The Bookstore That Cried Wolf?

Frances notes that Book Passage, the independent bookstore in Corte Madera, might be in trouble. It seems that a Barnes & Noble may be moving into the vacated storefront (once occupied by a Marshall’s) at the Town Center shopping mall. (At this point, Town Center management hasn’t revealed who the new tenant is.) A number of Corte Madera residents are quite upset about this.

Even so, the devil’s advocate in me has to ask why there’s so much uproar over what is, at this point, just an unconfirmed rumor. Why, for example, did the Independent Journal‘s Jim Staats fail to call Barnes & Noble Corporate or its legal counsel to get definitive answers? (Staats notes that he spoke with “Barnes & Noble spokesmen,” but judging from the article’s reliance managers at other B&N stores.) All we have then is this article are unsubstantiated rumors from the Corte Madera residents. Would not there be papers filed with the Corte Madera Zoning Administrator? City planning papers? Documents outlining any necessary retrofits of the property?

I’m wondering if there is much ado here about nothing. I’d hate to see Corte Madera literary types waste so much time over, say, another Best Buy store.

John Banville Radio Play

As widely reported, John Banville’s radio play, “Todtnauberg,” can be listened to at the BBC site. Banville proved to be more skillful a radio dramatist than I expected.

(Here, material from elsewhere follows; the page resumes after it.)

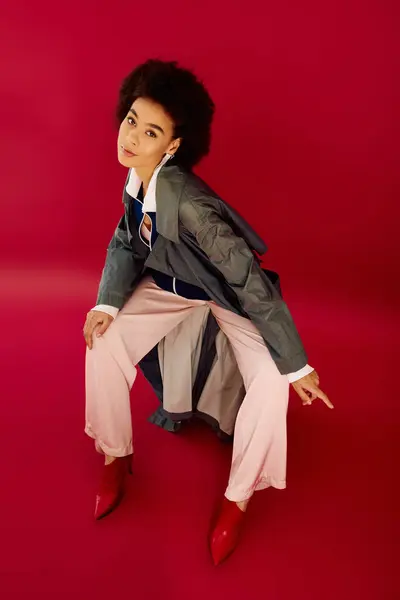 The young woman expresses deep emotion while showcasing trendy clothing and striking poses. — Stock Photo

And as an aside, I have to wonder why American radio (read: NPR) doesn’t offer these sorts of extended opportunities for authors outside of This American Life. Wouldn’t it be great to see Eric Kraft offer a radio adaptation of one of his Peter Leroy novels or any of the Escapist comics rendered into radio plays?

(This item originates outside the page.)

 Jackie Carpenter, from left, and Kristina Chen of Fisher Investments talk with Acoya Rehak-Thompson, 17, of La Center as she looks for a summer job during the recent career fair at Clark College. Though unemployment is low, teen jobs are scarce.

I’m a Novelist, Not A _______

While we’re on the subject of what authors are up, I should note that Mark Haddon has a small chapbook of poetry coming out in April (already out in the UK). Proving to the world that Haddon will likely specialize in extremely long titles until the critical interest grows inflexible, this one’s called The Talking Horse and the Sad Girl and the Village Under the Sea. But the consensus indicates that it’s not so hot. Ranjit Bolt says, “[N]othing could prepare us for the tendentiousness, the unjustified formlessness, the ghastliness, of Haddon’s verse.” Neel Mukherjee of the Times is more encouraging: “If only his muse didn’t fall into the jerky stop-start motion of a nightmarish traffic jam on the M23, and he loosened his lines to let them breathe more.”